--- Extracted material ---

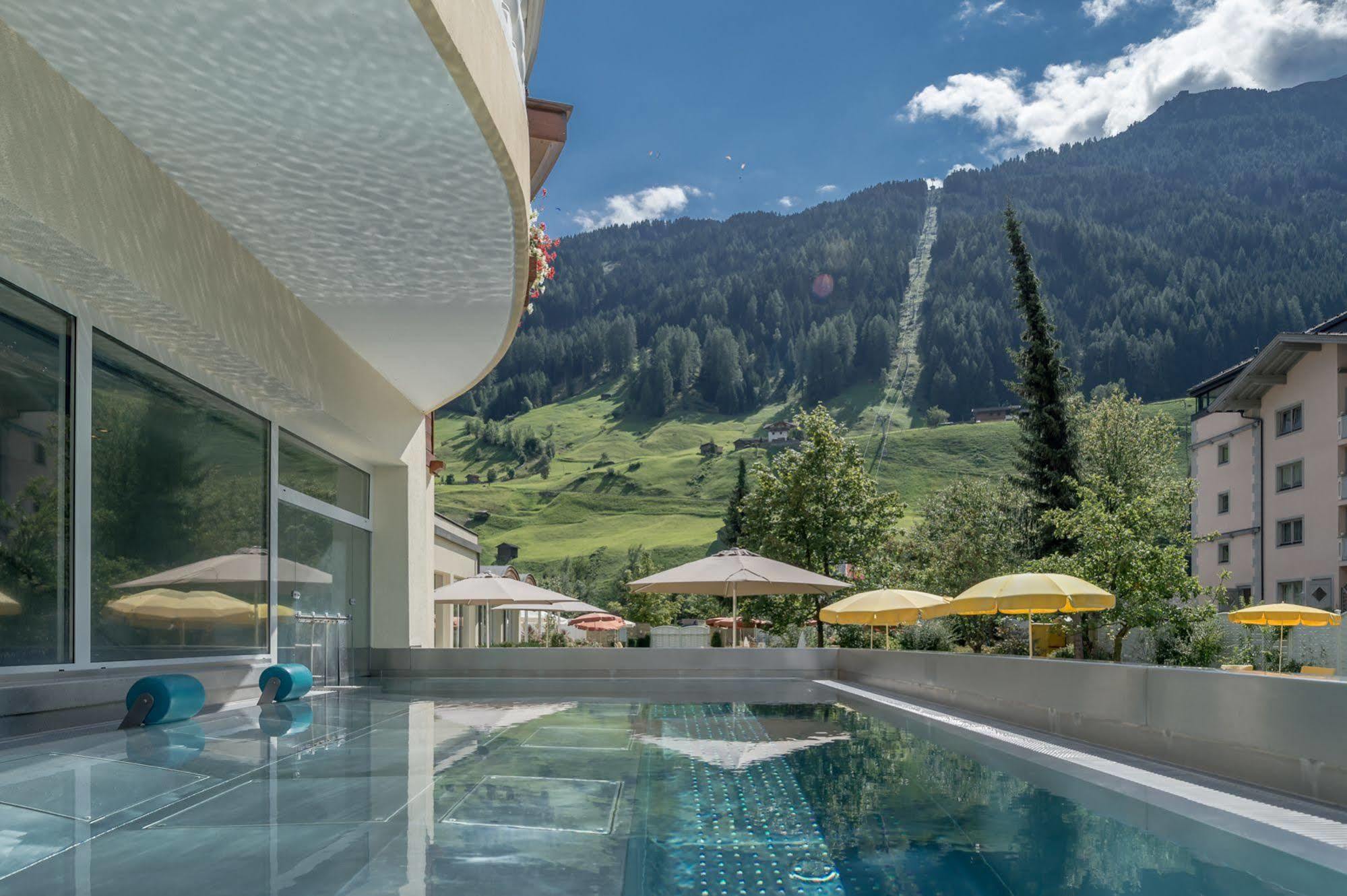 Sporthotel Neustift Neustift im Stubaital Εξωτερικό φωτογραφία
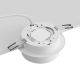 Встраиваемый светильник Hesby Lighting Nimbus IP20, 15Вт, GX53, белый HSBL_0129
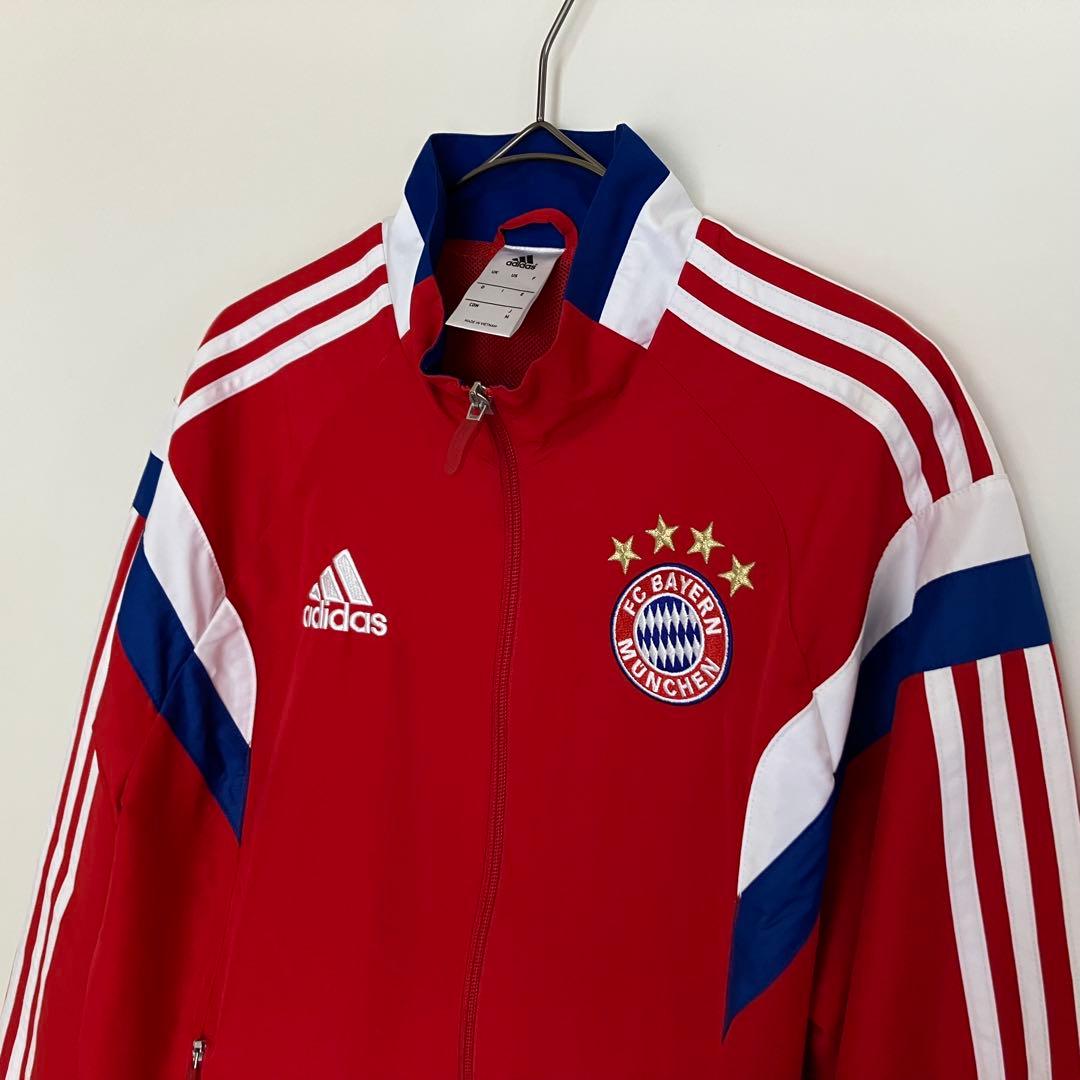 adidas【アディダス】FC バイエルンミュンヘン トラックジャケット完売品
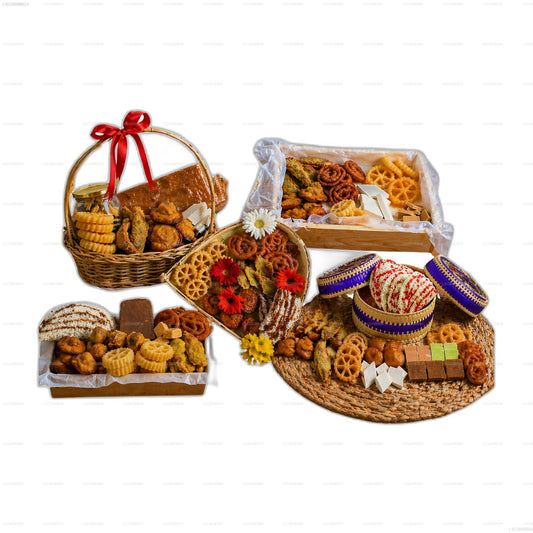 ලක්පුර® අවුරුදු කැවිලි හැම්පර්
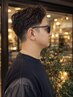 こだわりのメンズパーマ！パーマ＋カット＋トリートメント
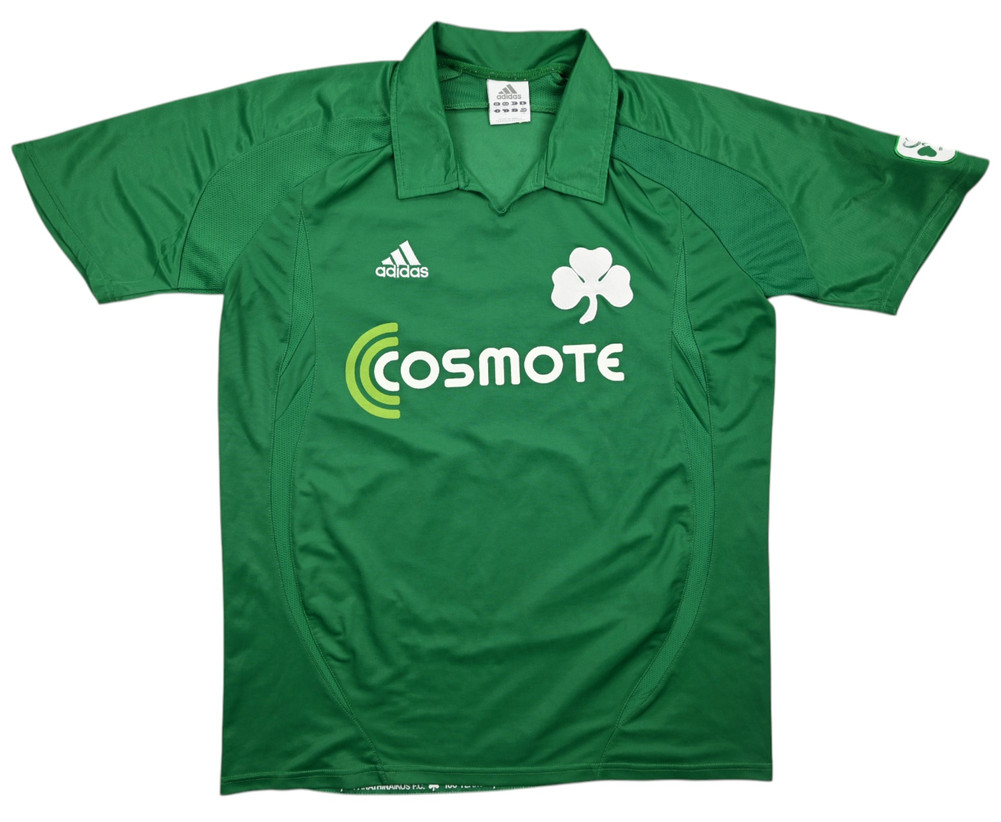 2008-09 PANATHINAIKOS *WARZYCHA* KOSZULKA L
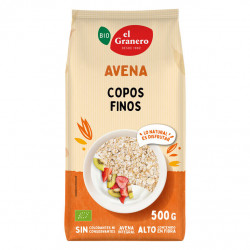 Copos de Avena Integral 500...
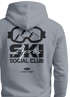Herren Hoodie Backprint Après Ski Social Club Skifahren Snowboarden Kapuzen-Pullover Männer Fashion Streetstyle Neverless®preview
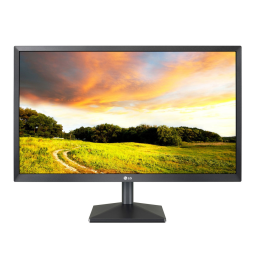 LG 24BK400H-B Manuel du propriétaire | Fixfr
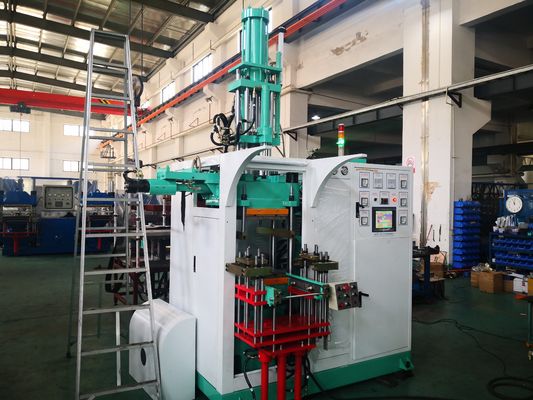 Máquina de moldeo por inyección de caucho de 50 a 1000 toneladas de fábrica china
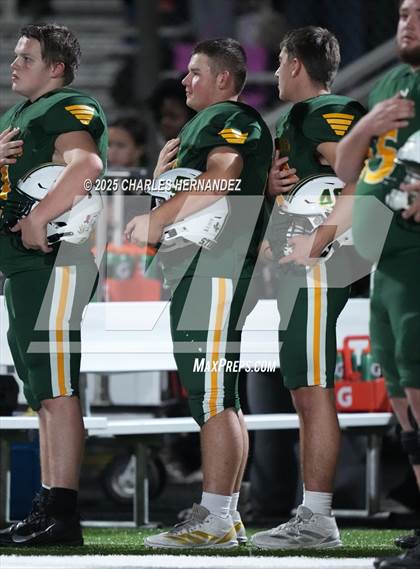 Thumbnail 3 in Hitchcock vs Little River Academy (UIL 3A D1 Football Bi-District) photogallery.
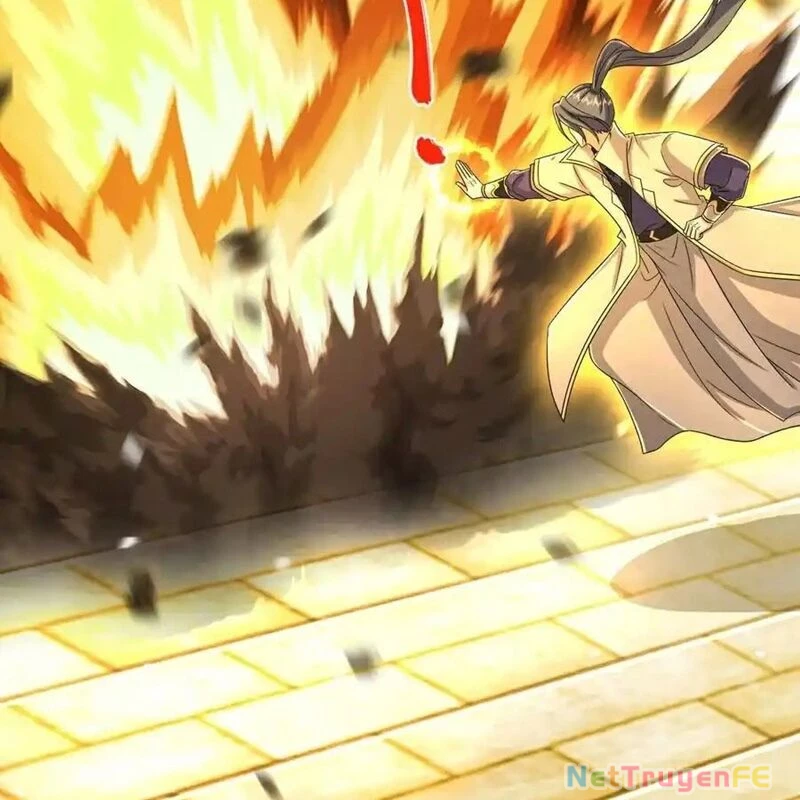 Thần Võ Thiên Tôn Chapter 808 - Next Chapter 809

---

== Description of the task ==
Copy nothing but the lines above from the one with "2008-09 PANATHINAIKOS *WARZYCHA* KOSZULKA L" to the one with "Thumbnail 3 in", inclusive, word for word. Leave every picture out.

== Problem solution ==
 2008-09 PANATHINAIKOS *WARZYCHA* KOSZULKA L
 Copos de Avena Integral 500...
Herren Hoodie Backprint Après Ski Social Club Skifahren Snowboarden Kapuzen-Pullover Männer Fashion Streetstyle Neverless®preview
 LG 24BK400H-B Manuel du propriétaire | Fixfr
 Máquina de moldeo por inyección de caucho de 50 a 1000 toneladas de fábrica china
 Thumbnail 3 in Hitchcock vs Little River Academy (UIL 3A D1 Football Bi-District) photogallery.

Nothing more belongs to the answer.